COMMENT

I worship Sylvia Plath and cry when I listen to Phoebe Bridgers: I’m a ‘sad girl’ cliché and I’m proud of it

I have a poster of ‘The Bell Jar’ on the wall and a tattoo of an anatomical heart on my sleeve, writes Victoria Richards. Call me tragic if you like, but being a ‘sad girl’ brings me joy...

Thursday 01 June 2023 11:46 EDT
Take heart, fellow sad girls. Joy is coming
Take heart, fellow sad girls. Joy is coming (Shutterstock)

Every year, I make a pilgrimage to Sylvia Plath’s grave in Heptonstall with a close friend. We take pens to leave at her headstone and we sit in the grass and sometimes we write poems of our own.

Amelia and I talk constantly about love and loss, send each other first drafts of writing projects and ask questions that probably sound achingly earnest (but we mean it): “How is your heart?” Most nights, we sign off goodnight texts with the closing lines of a poem by one of our favourites, Kim Addonizio: “Joy is coming”.

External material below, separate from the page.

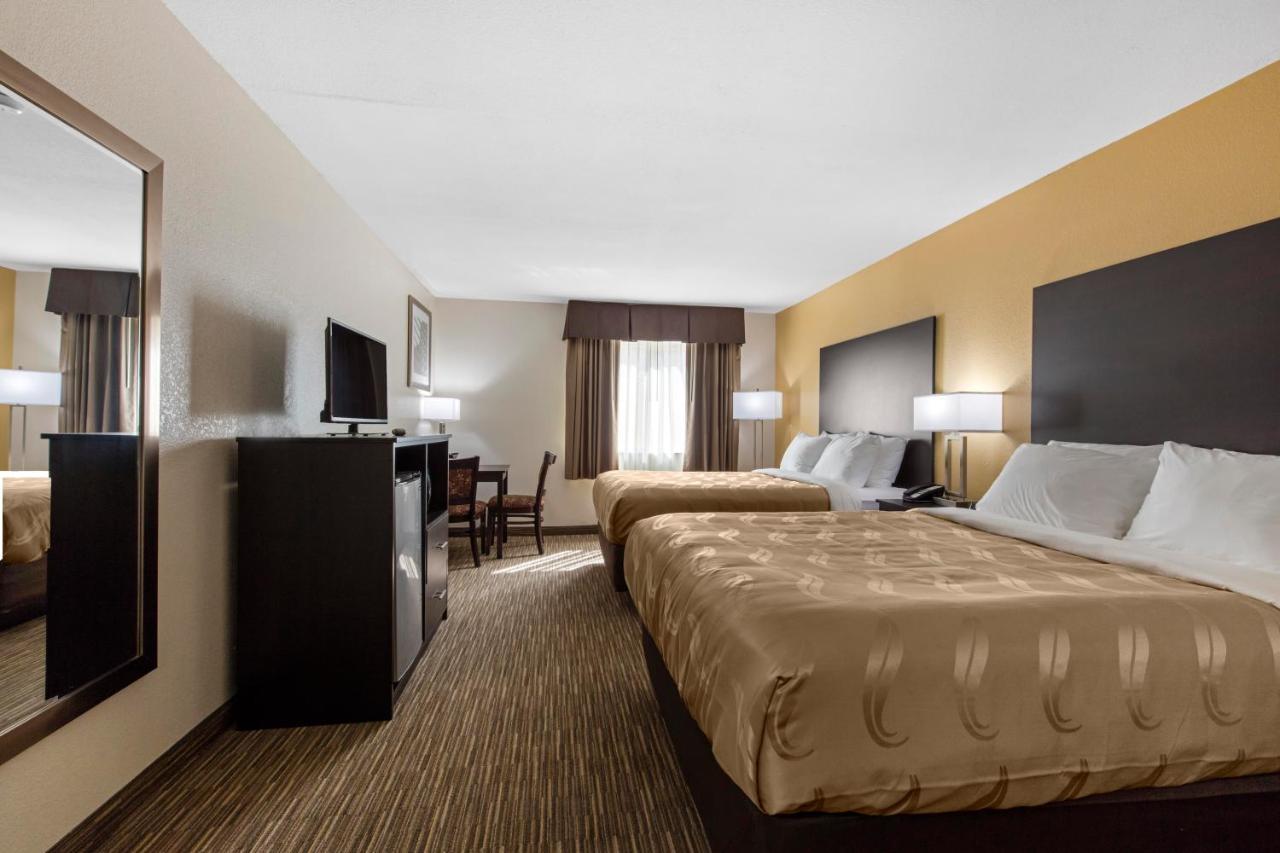 Quality Inn & Suites Metropolis I-24 Eksteriør billede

We’re sad girls. And we’re proud of it.

Sad girls occupy that liminal space where sorrow meets bliss, where happiness means suffering, where desire tiptoes towards pain. One of my all-time favourite films? Eternal Sunshine of the Spotless Mind, in which Kate Winslet plays Clementine, a rainbow-haired sad girl (the trope itself is “manic pixie dream girl” adjacent) who signs up to have her memory erased after a devastating break-up. And now, after seeing the full-length trailer for the new Barbie movie, with its standout line, “Do you guys ever think about dying?” I feel vindicated: Barbie, it transpires, is a sad girl. Of course she is.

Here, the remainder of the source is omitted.